On Tuesday, August 23, I moved myself and my belongs south from Florence to Siena on a bus.  I knew the Florence bus station was tucked away somewhere near the train station, but I couldn't find it.  "Dove autostatione?," I asked several people. I got answers I couldn't understand.  Finally, a man took me a block to the bus station.  It was a nice bus ride through Tuscany.  The rolling hills, farmlands and villages flowed by me.  On several hills in the distance, there were ancient towns, with walls and towers. After I disembarked at the bus station in Siena, I couldn't find my hotel.  I walked the wrong way showing people the written address to ask directions without much success.  Finally, I found the hotel down a small, ancient side street. It was the Alma Domus Hotel which was a modern hotel in an old brick convent building still owned by the convent. From my room there was a wonderful view of the Siena Duomo on the hill above me.

Siena is full of brick buildings and has a particularly medieval feel.  The city thrived before 1348 when it was struck particularly hard by the black plague. Two centuries later, Florence conquered Siena and permitted no further development.  So in many ways, much of Siena is a city preserved in time. The great cathedral in Siena is a fully Gothic cathedral and is particularly spectacular. The front facade is fully elaborated with sculptures, and the rest of the building is striped with dark marble, but the cathedral was never fully finished.  There is a tall unfinished facade for the unfinished nave. I climbed the facade and was given a sweeping view of the city from the top. The Siena Duomo may be my favorite in terms of its interior, which was dark with black and white stripes. There is a beautiful bronze statue of John the Baptist by Donatello and a number of fine paintings. The Piccolomini Library is particularly striking with a brightly painted ceiling and a series of colorful and exquisite frescos by Pinturicchio.
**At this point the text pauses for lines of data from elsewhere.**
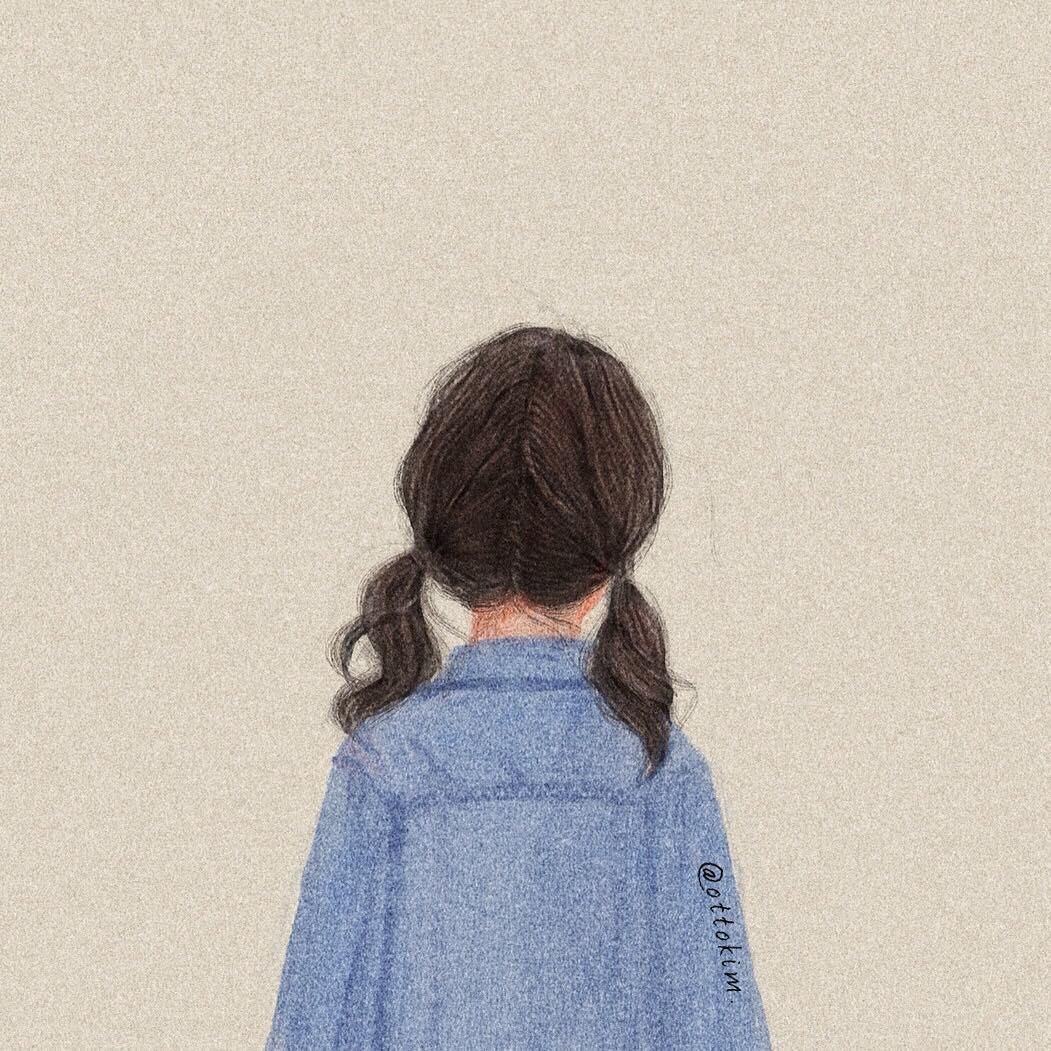 ゛终究湜过愘つ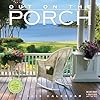 Out on the Porch 2015 Calendar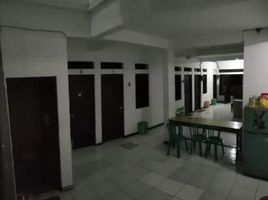 12 Habitación Casa en venta en Gunung Anyar, East Jawa, Gunung Anyar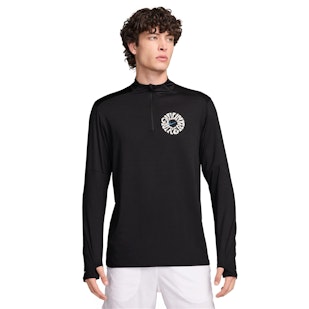 Main image showing a product in the gallery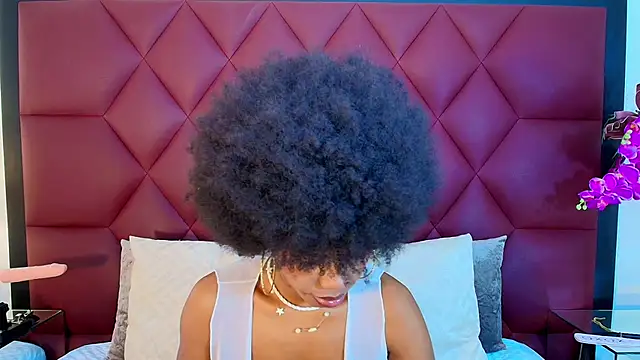 BeckySalas online show from 09-27-25, 07:41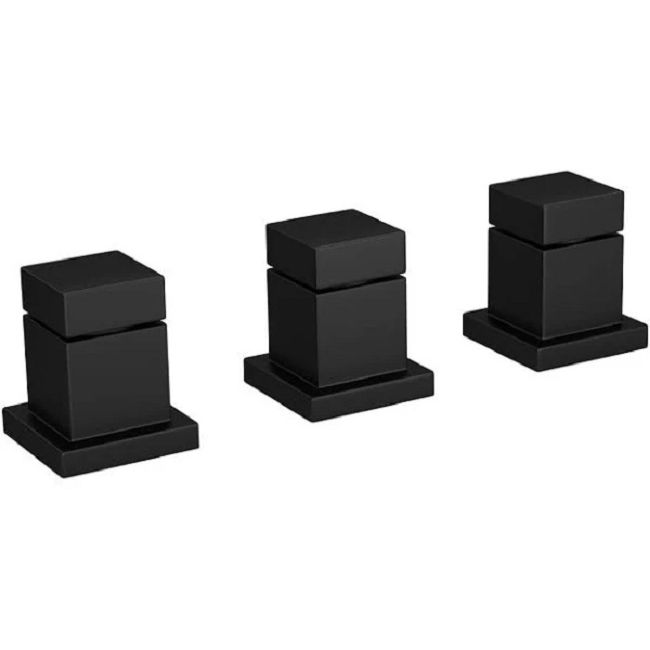 Misturador-para-Bide-Cubo-Black-Matte-Deca-2319675
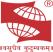 Institute Logo
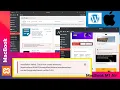 Fix Installation Failed Could Not Create Directory Error in WordPress on Mac Plugins Themes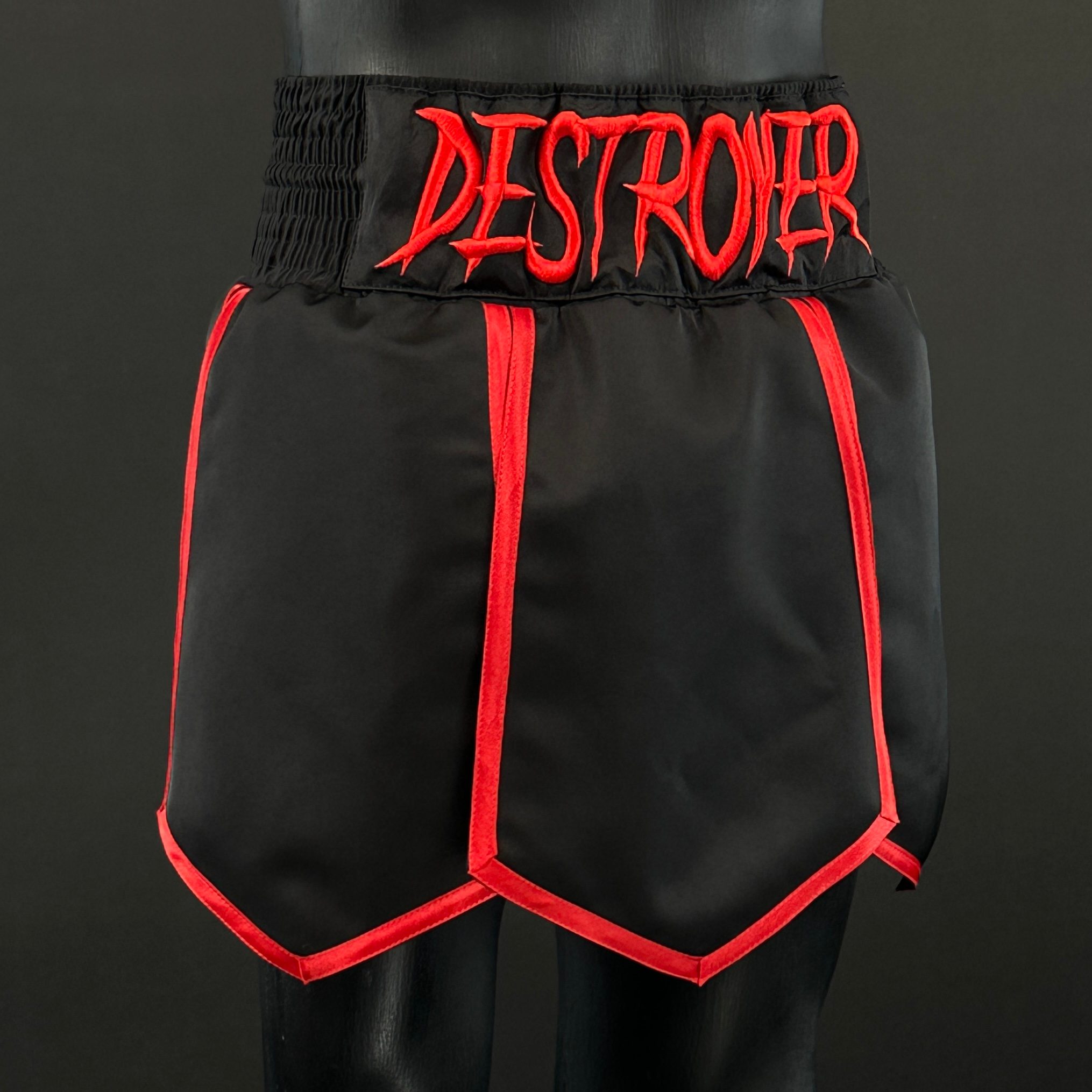 Roman MTS (short style) Theresa 179542 Gladiator Shorts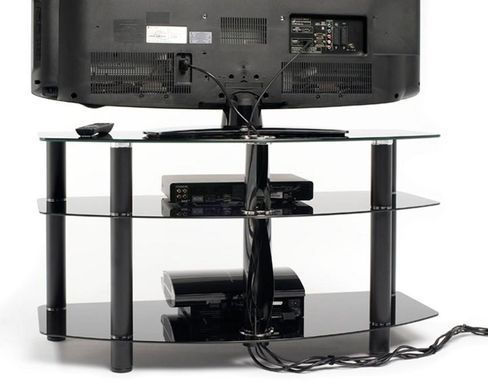 TechLink D100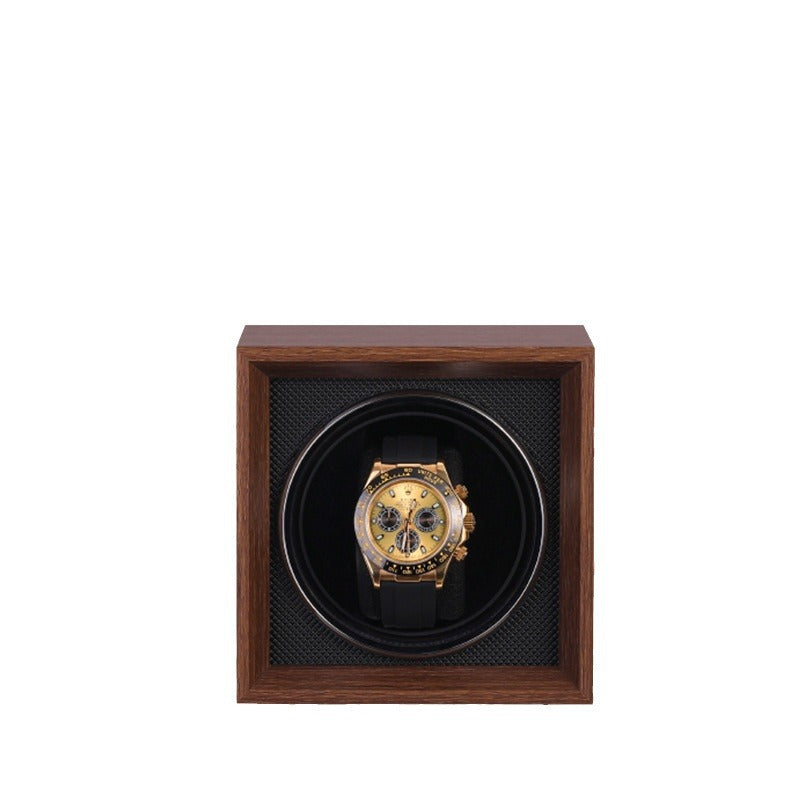 Automatic Watch Winding Box
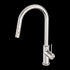 Nero Mecca Pullout Sink Mixer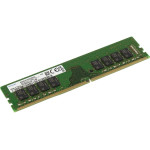 Память UDIMM DDR4 16Гб 3200МГц Samsung (25600Мб/с, CL22, 288-pin)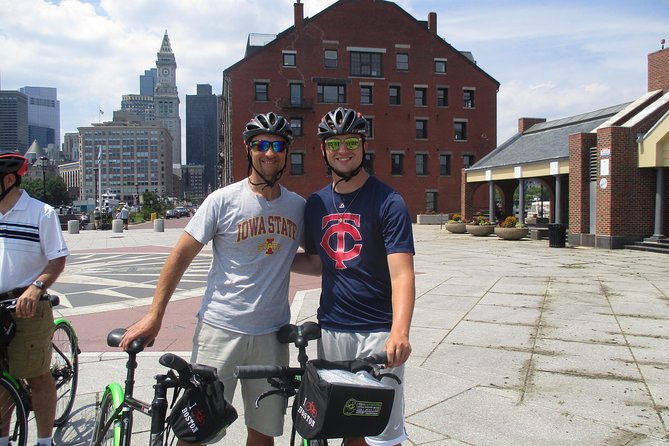 family-friendly-guided-bike-tour-of-boston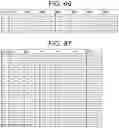 Fig. 57 - Transmission device, transmission method, reception device, and reception method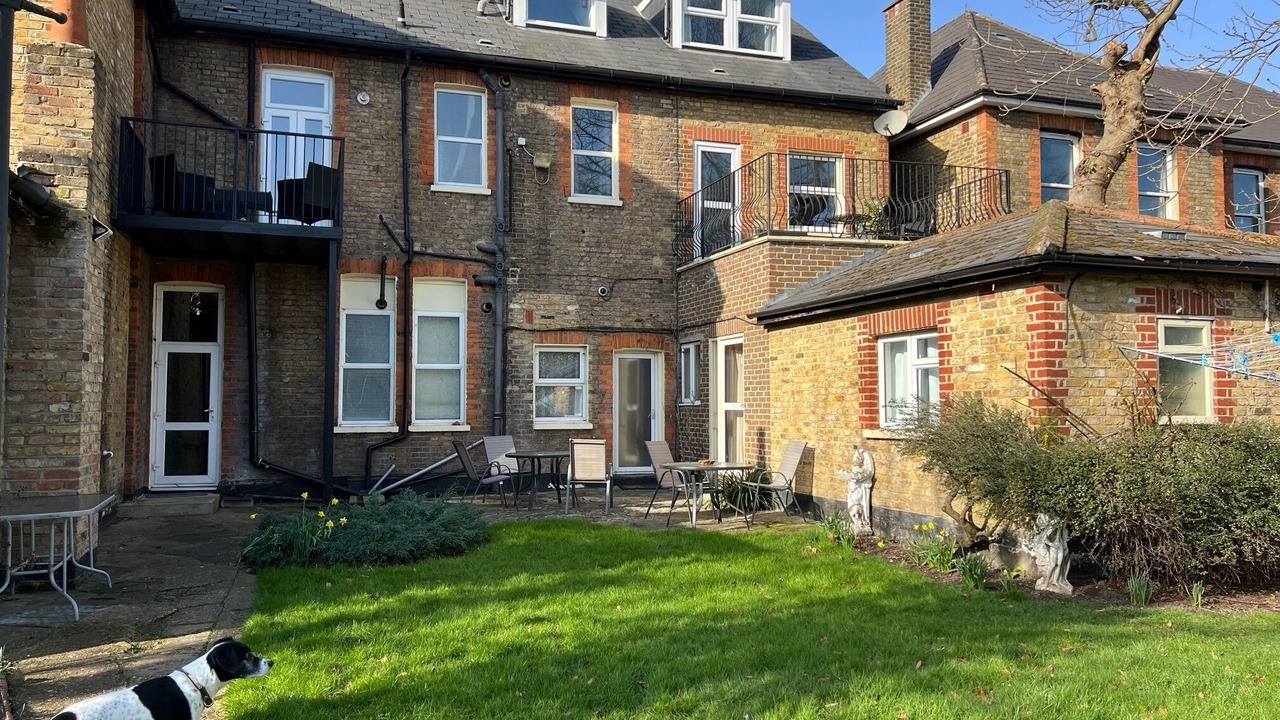 Photo of Outdoor in Catford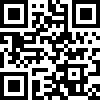 https://mehrnews.com/x37GCk
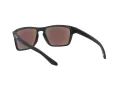 Oakley Sylas Sonnenbrille OO 9448 12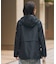 GORE-TEX ゴアテックス 防風 防水 透湿 2レイヤー ジャケット RP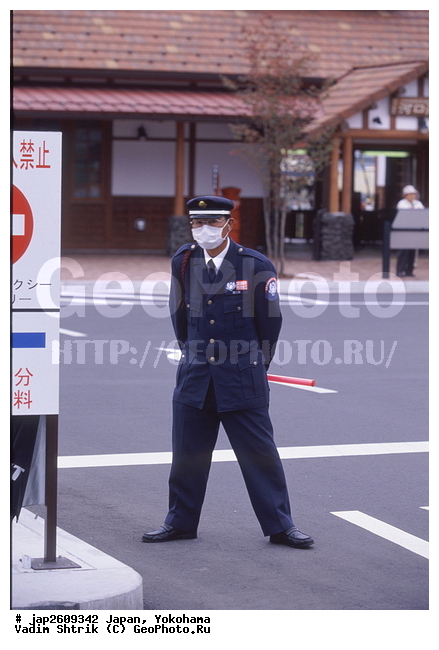 ����էا�, ����է٧�, ����է٧ڧ�ѧ�, ����է٧ڧ�ާ�, ��������, �����-���, ��������, ��������, ������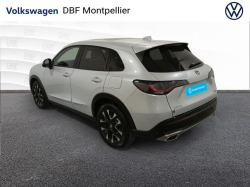 Annonce 490025471/VO008804 picto3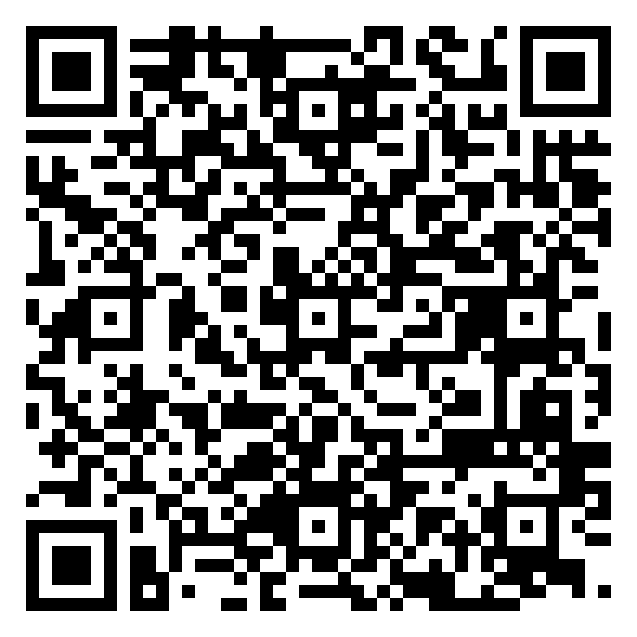 QR code 52039266400000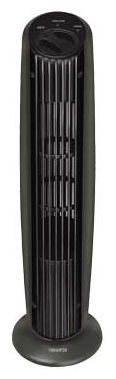 Очиститель-ионизатор  MARTA  MT-4103 титан/черный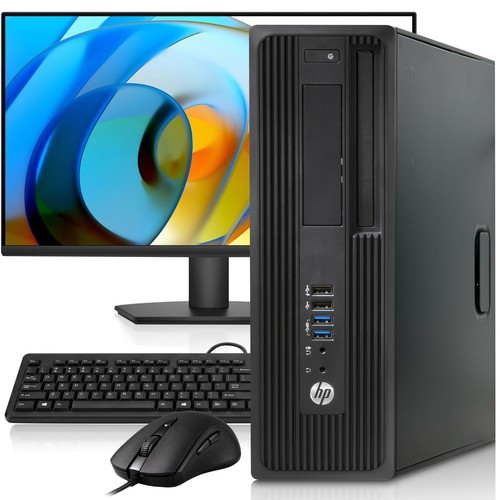 Z240 desktop 6th 32gb - pc,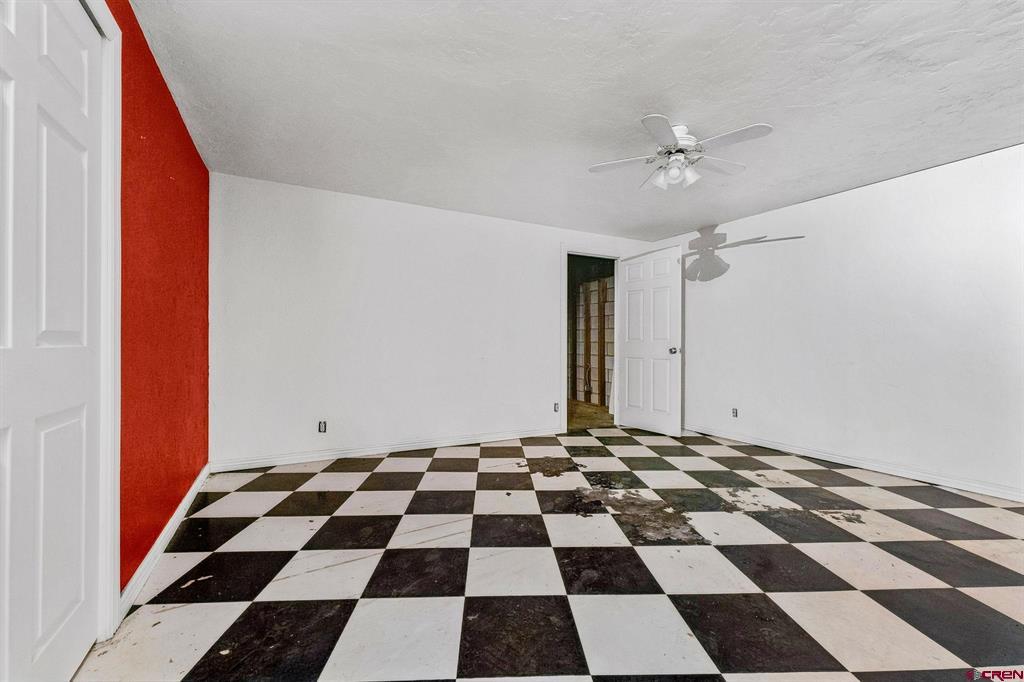 26918 Highway 160 Durango CO 81303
I visited the flowing Piazza del Campo, the great civic space of Siena which is anchored by the Palazzo Pubblico with its tall clock tower. This is a fine space, but people were concentrated in the shady portion. There was a woman playing the tsymbaly in the Piazza and at another time near the Duomo.  The tsymbaly is a musical instrument similar to a hammer dulcimer.  I enjoyed the music and bought a CD from her. I finished the day eat dinner outside, near my hotel with a beautiful view of the Duomo on the hill, glowing in the evening sunlight.  I had a fine dinner, including Tuscan steak.